Doco captures Coast surf mums' epic journey
"I HAD this big smile on face, I was using this long board that wouldn't turn."
Caloundra Surfing Mums coordinator Erika Kirk recalls the first time she got back in the surf after joining the Australian initiative.
The 10-year-long project gets mothers in the sea on a regular basis with a surf swap system; now the Sunshine Coast groups are launching the documentary Surfing Mum's Journey
On the Coast, groups are set up in Caloundra, Alexandra Headland and the Coolum/Noosa region.
Mrs Kirk said when the group meets mums pair off and discuss who will go in the surf first and who will supervise their children.
After about an hour of surfing the mums will swap over.
The Switzerland born surfing mum said it's a great way to "turn off your brain for a while" and for her, helped with cultural integration.
"It allowed me to spend time with mums from Australia, I could ask questions and started to understand Australian humour.
About 10-15 surfing mums regularly attend the surf sessions twice a week but Mrs Kirk said Caloundra is the second biggest group in Australia with 45-50 members.
"Perth is the only group that's bigger."
The 25 minute documentary is part of the Gaia's Daughters project.

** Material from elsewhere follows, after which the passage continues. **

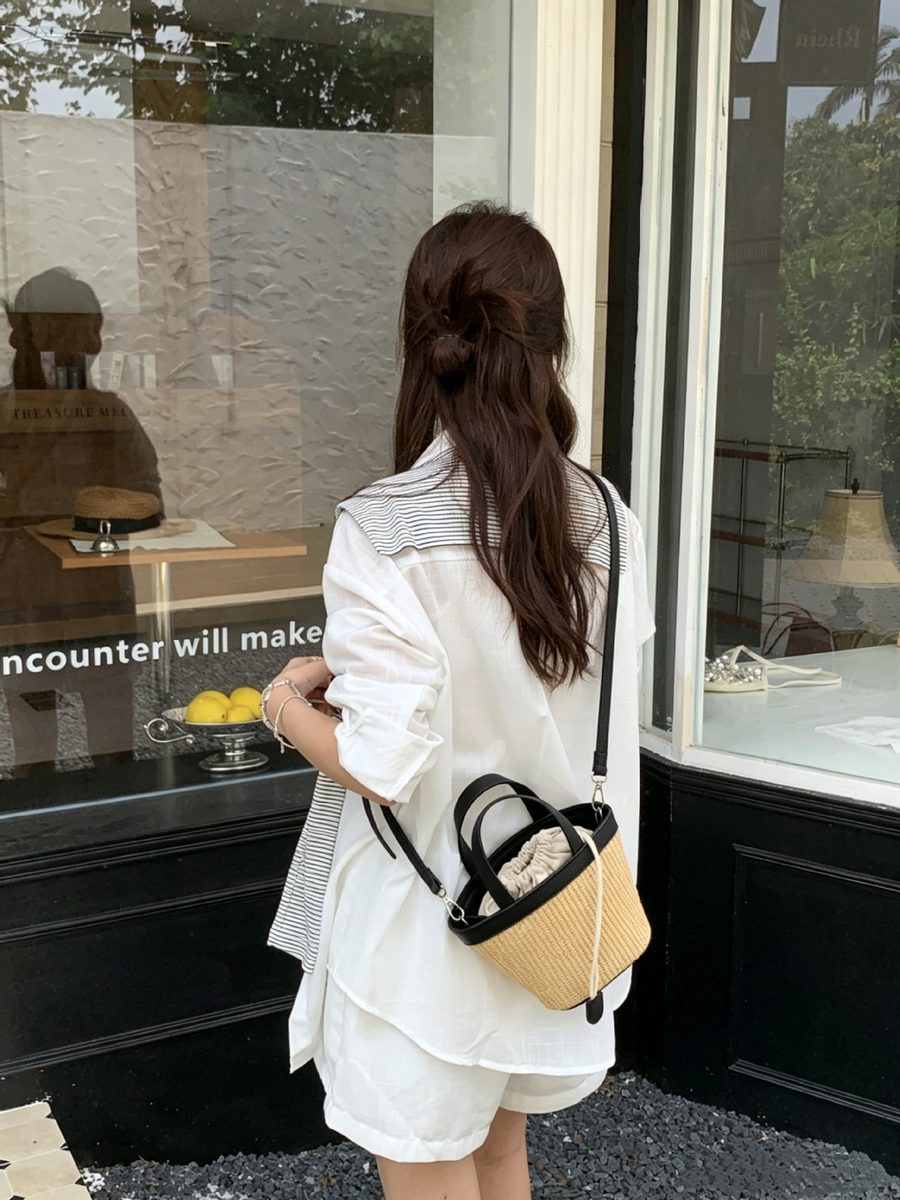 PU Woven Basket Bucket Bag view 4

Caloundra Surfing Mums member Paula Tura said: "Understanding that female support groups are a political engagement and essential for a good mental health and post-partum as recovery.
"The meet ups include physical activity and socialisation, so we decided to make a movie about women surfing before and after having children, the struggles, the joys and the discoveries."
Alongside her husband Wil Aguiar the pair directed the documentary and Mr Aguiar filmed the short story.
Thrills Espresso, Currimundi will host the first screening of the documentary on December 14.